- Theatrical release poster
- Directed by: Ganesh Chandra
- Written by: Puthiya Parithi
- Produced by: Fatima Vijay Antony
- Starring: Ajay Dhishan; R. K. Dhanusha; Pandiarajan; Sunil; Lakshmi Manchu;
- Cinematography: Ganesh Chandra
- Edited by: Vijay Antony
- Music by: Vijay Antony
- Production company: Vijay Antony Film Corporation
- Release date: 13 February 2026;
- Country: India
- Language: Tamil

= Pookie (film) =

2026 Indian film by Ganesh Chandra

Pookie is a 2026 Indian Tamil-language romantic comedy film directed and filmed by cinematographer-turned-director Ganesh Chandra in his directorial debut. The film stars Ajay Dhishan in the lead role alongside R. K. Dhanusha as the lead actress in her debut. The film is produced by Fatima Vijay Antony under Vijay Antony Film Corporation banner, while the film has music composed and editing handled by Vijay Antony.

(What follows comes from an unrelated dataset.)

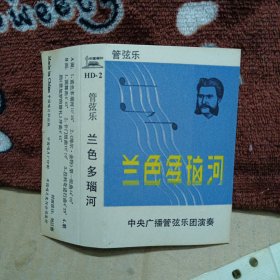 磁带卡带 管弦乐 兰色多瑙河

Pookie released in theatres on 13 February 2026 and received mixed reviews from critics.

== Production ==
On 2 September 2025, Ajay Dhishan of Maargan (2025) fame was announced as the lead actor in Vijay Antony's next production venture. Marking his 18th film under his production house Vijay Antony Film Corporation headed by his wife Fatima Vijay Antony, the announcement for this film was made through a first-look poster. R. K. Dhanusha was cast in as the lead actress in her debut alongside Sunil in an important role in the film. The film is directed and filmed by cinematographer-turned-director Ganesh Chandra in his directorial debut, while its story, screenplay and dialogues are written by Puthiya Parithi.

== Music ==
The film has soundtrack and background scored by Vijay Antony. The first single "Manasu Valikithu" was released on 26 November 2025. The second single "Love Advice Song" was released on 20 December 2025. The third single "Pudikaley Pudikaley" was released on 5 February 2026. The fourth single "Jilley Juice" was released on 9 February 2026.

Track listing
| No. | Title | Lyrics | Singer(s) | Length |
|---|---|---|---|---|
| 1. | "Manasu Valikithu" | Vijay Antony | Vijay Antony |  |
| 2. | "Love Advice Song" | Vijay Antony | Vijay Antony |  |
| 3. | "Pudikaley Pudikaley" | Lavarathan | Santosh Hariharan, Rukhsar Bandhukia |  |
| 4. | "Jilley Juice" | Vijay Antony | Vijay Antony |  |

== Release ==

=== Theatrical ===
Pookie released in theatres on 13 February 2026.

=== Home media ===
The post-theatrical satellite and digital rights have been acquired by Zee Tamil and ZEE5, respectively.

== Reception ==
Pookie received mixed reviews from critics.

Abhinav Subramanian of The Times of India gave 3 out of 5 stars and wrote "Pookie knows its audience and plays to them with a polished hand. It connects in pieces. Whether those pieces add up to a whole is another question." Akshay Kumar of Cinema Express gave 1.5 out of 5 stars and wrote "Pookie mistakes cultural referencing for cultural understanding. By reducing Gen-Z love to buzzwords, the film not only misreads its subject but also robs its characters of interiority."